$bean-save() is taking way too long per record in Sugarcrm

I am having a function that recalculates the value of calculated fields in given modules. This works fine for small modules with small number of records. However When I try this on bigger modules like Contacts or Accounts, saving each record take up to three seconds.

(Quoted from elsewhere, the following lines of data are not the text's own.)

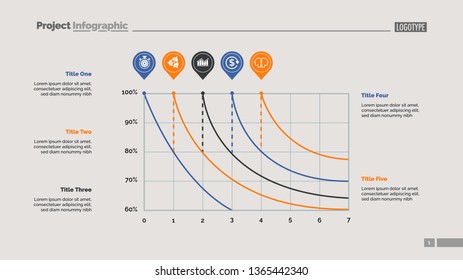 Five line charts slide template. Business data. Percent, graphic, design. Creative concept for infographic, report. Can be used for topics like statistics, banking, finance.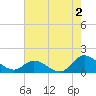 Harkers Island tide chart for Friday, August 2, 2024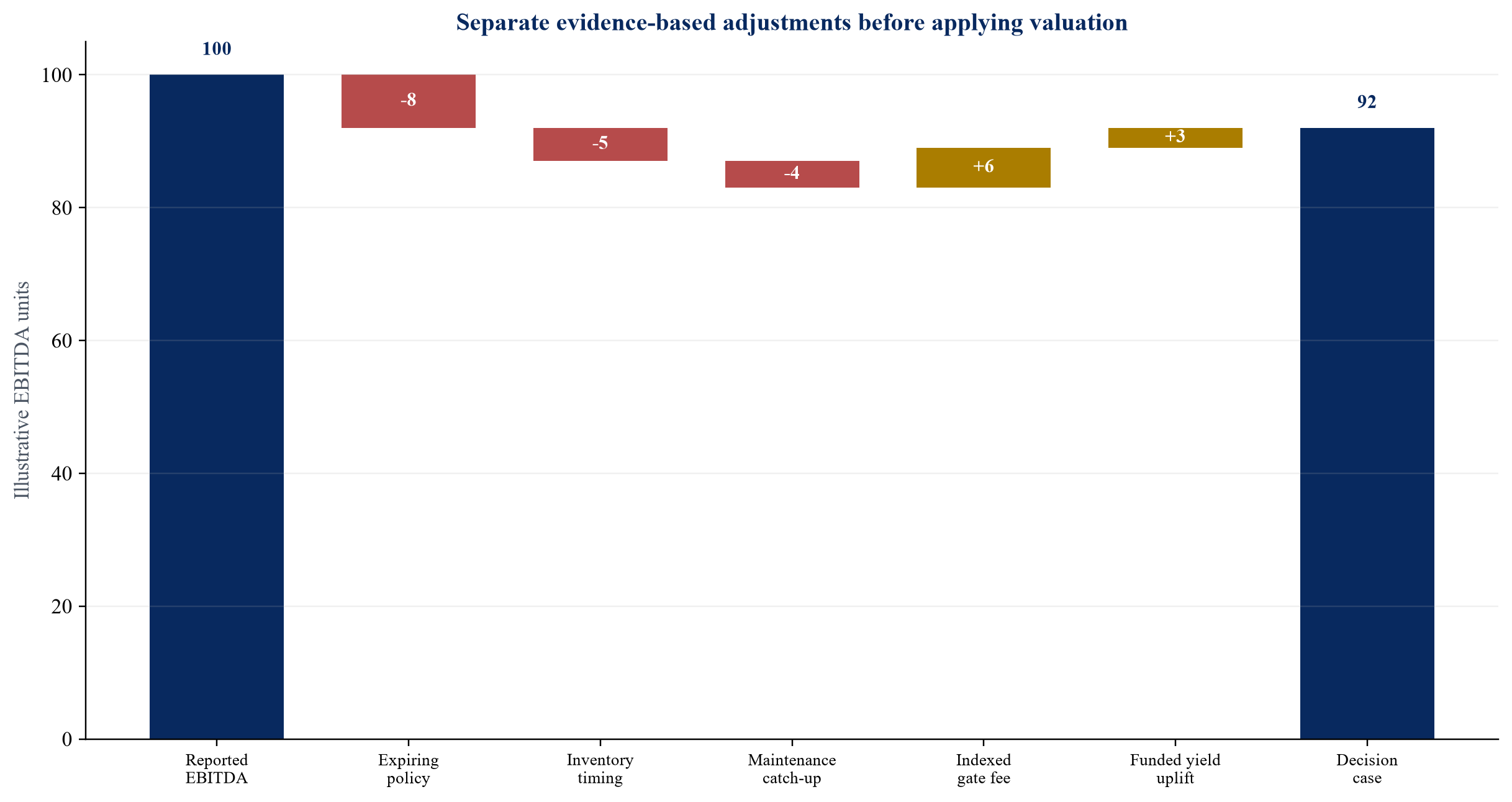 Figure 2. Hypothetical EBITDA quality and value bridge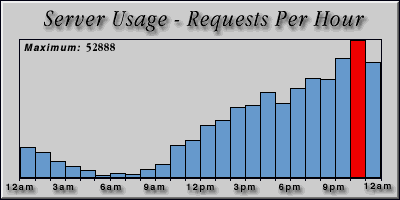 [Average hourly accesses graphic]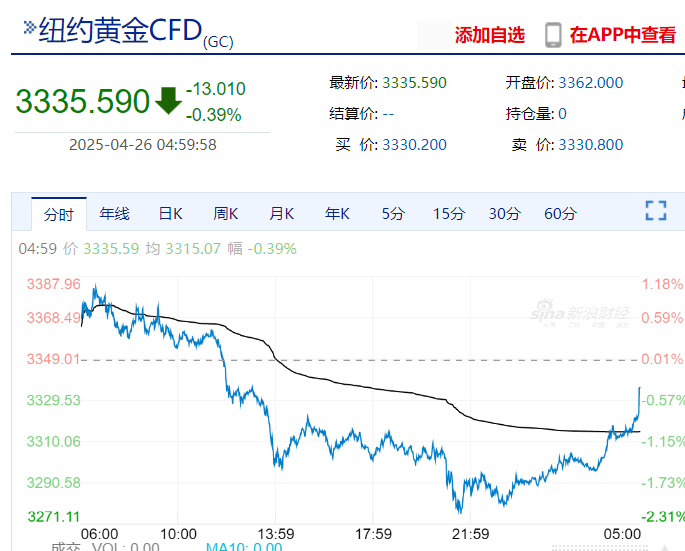 美联储发布金融稳定报告：这些因素成最大风险！金跌油涨，特斯拉市值一夜增加超5900亿元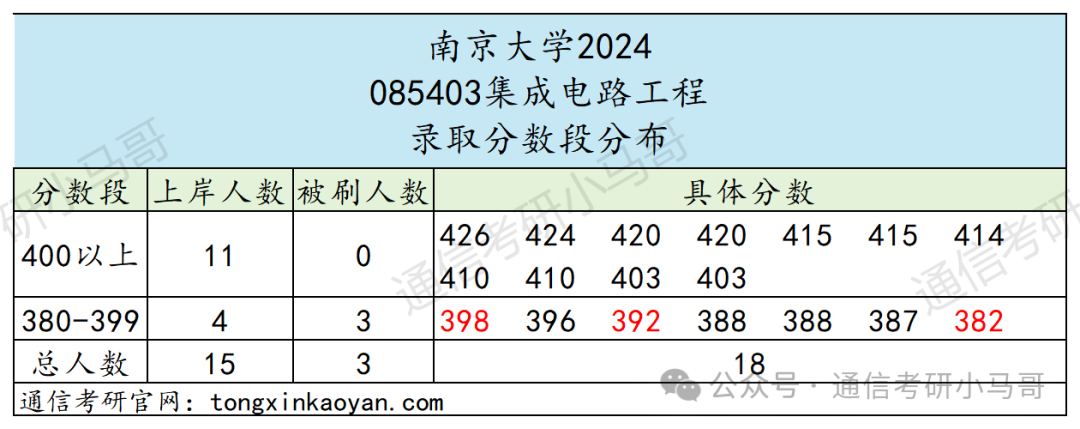 图片[18]-最离谱的C9！竟313分上岸！401分被刷！选择大于努力！南京大学851-梦马考研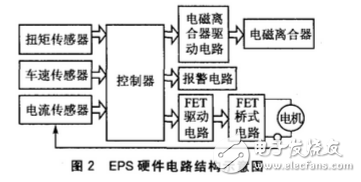 Electric power steering system, eps, pic18f458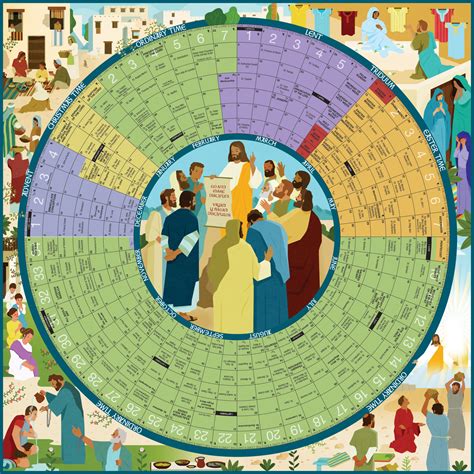 It is intentionally sparse leaving space for coloring this calendar focuses on prayer and fasting. 2020 Year of Grace Liturgical Calendar | Poster | Large ...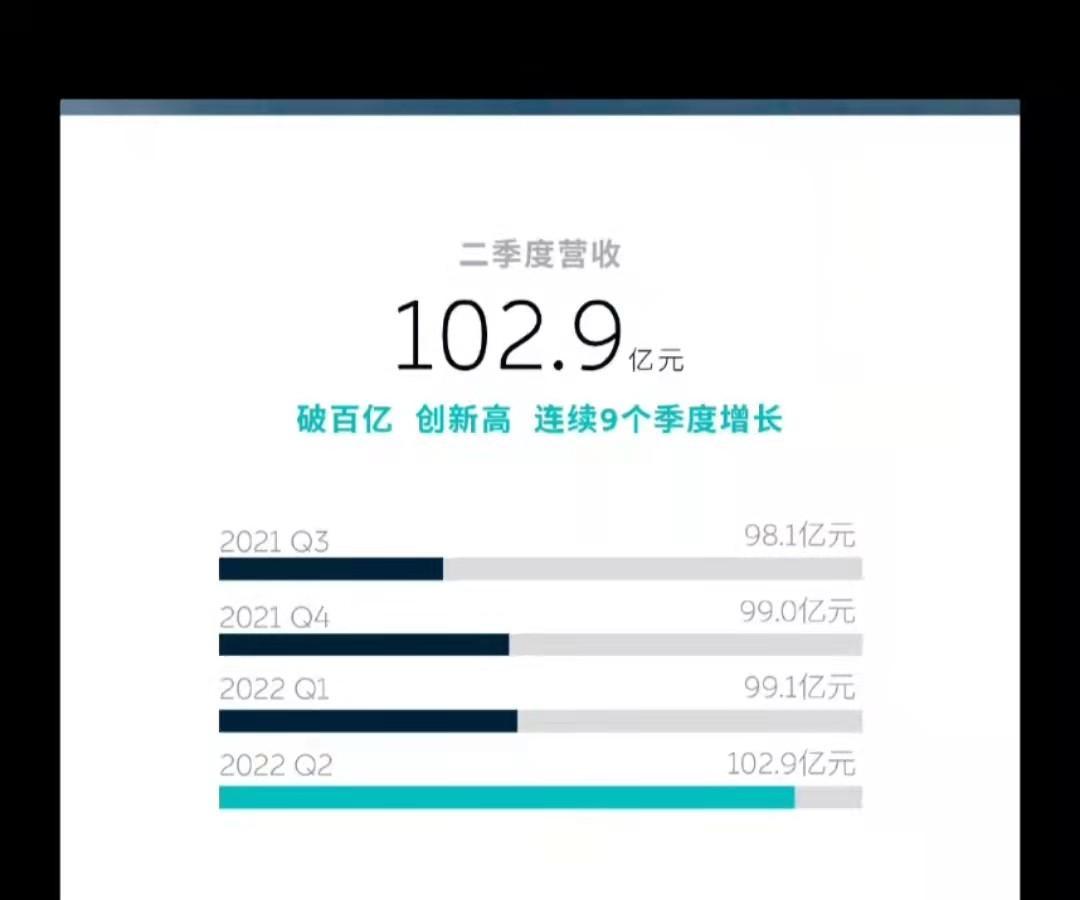 且从蔚来的布局来说，无论是汽车还是其他方面，都是不亏的。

With more than 100,000 records this takes 83 Hours to process.

This is my code.

$moduleList = array("Accounts", "Quotes"); 

if (!defined('sugarEntry') || !sugarEntry)
die('Not A Valid Entry Point');

require_once('include/utils.php');
require_once('include/export_utils.php');
foreach( $moduleList as $module) {
    print "Updating $module...\n<br>";
    $cnt = 0;
    $moduleBean = BeanFactory::getBean($module);
    $beanList = $moduleBean->get_full_list($order_by,$where);
    if( $beanList != null ) {
        foreach($beanList as $b) {
            // These lines prevent the modified date and user from being changed.
            $b->update_date_modified = false;
            $b->update_modified_by = false;
            $b->tracker_visibility = false;
            $b->in_workflow = true;
            $b->save();
            $cnt++;
        }
    }
    print "Finished updating: $cnt records.\n<br>";

When I log the time each record takes it is then clear that $b->save(); is what takes too long.

Is there any way to speed this up ?

Solution

First of all I'd recommend finding out what part of the save takes so long, using the tool of your choice... profiler/debugger/custom Timers/etc.

Is it a hook? Optimize it or make a custom flag to skip it if not needed for the recalc.
Is it a query? Analyse the queries (EXPLAIN) to find out if adding indices to your database could help.
Is it excessive log output? Reduce it.
Is it the bean loading for related bean calculation? Optimize formulas or skip if not needed.

Other things you could try:

Prefilter which beans you want to resave using a Query (e.g. maybe record recalc not necessary if in certain state or modified after a certain related bean etc?).
Trigger updating calculated fields in your code and check if (relevant) values of the bean where actually changed after, if not then there's no need to resave it and you can skip to the next record instead.
If this is just about updating non-related calculated fields even although related calculated fields exist, then you could decide to (temporarily?) set $sugar_config['disable_related_calc_fields'] to true. That way Sugar wouldn't have to load those related beans.

If there is no hope left:

Consider running those tasks in parallel
Rewrite whatever you need to update using SQL/SugarQuery (may not be possible, depending on complexity and implications).

Notes:

Be aware that get_full_list() is deprecated since at least Sugar 7.7 and replaced by SugarQuery and $bean->fetchFromQuery(). However I'd recommend using a Query to only retrieve the IDs and use BeanFactory::retrieveBean($module, $id) to load the beans, possibly dismissing them each after computation, using BeanFactory::unregisterBean($bean); unset($bean); to help the garbage collector with keeping a low memory profile.
Also I did use get_full_list() and fetchFromQuery in the past with catastrophic side-effects due to beans not getting fully loaded when using that way instead of BeanFactory.
All records lost their email-addresses(!) as a result. I was not pleased.
Sugar 8: Especially if you have a lot of contacts, bad default indices on the table erased_fields will slow things down a lot as soon as it has a single record in it. erased_fields only has a 2-column index by default (which isn't used in important queries though), so you'll have to add 2 individual indices for those 2 columns and things will be a lot faster again.